TASK BRIEF = Please print the data again exactly as given.

RECORDS SUPPLIED =
######
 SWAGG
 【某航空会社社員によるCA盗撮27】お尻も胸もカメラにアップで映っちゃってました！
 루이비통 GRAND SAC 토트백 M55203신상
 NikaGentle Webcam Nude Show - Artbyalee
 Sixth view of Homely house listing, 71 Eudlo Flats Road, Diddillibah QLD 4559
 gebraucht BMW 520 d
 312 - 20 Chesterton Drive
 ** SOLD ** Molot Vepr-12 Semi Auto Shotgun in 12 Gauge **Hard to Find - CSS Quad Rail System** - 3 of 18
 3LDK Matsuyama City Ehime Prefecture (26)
######
THE ANSWER =
 SWAGG
 【某航空会社社員によるCA盗撮27】お尻も胸もカメラにアップで映っちゃってました！
 루이비통 GRAND SAC 토트백 M55203신상
 NikaGentle Webcam Nude Show - Artbyalee
 Sixth view of Homely house listing, 71 Eudlo Flats Road, Diddillibah QLD 4559
 gebraucht BMW 520 d
 312 - 20 Chesterton Drive
 ** SOLD ** Molot Vepr-12 Semi Auto Shotgun in 12 Gauge **Hard to Find - CSS Quad Rail System** - 3 of 18
 3LDK Matsuyama City Ehime Prefecture (26)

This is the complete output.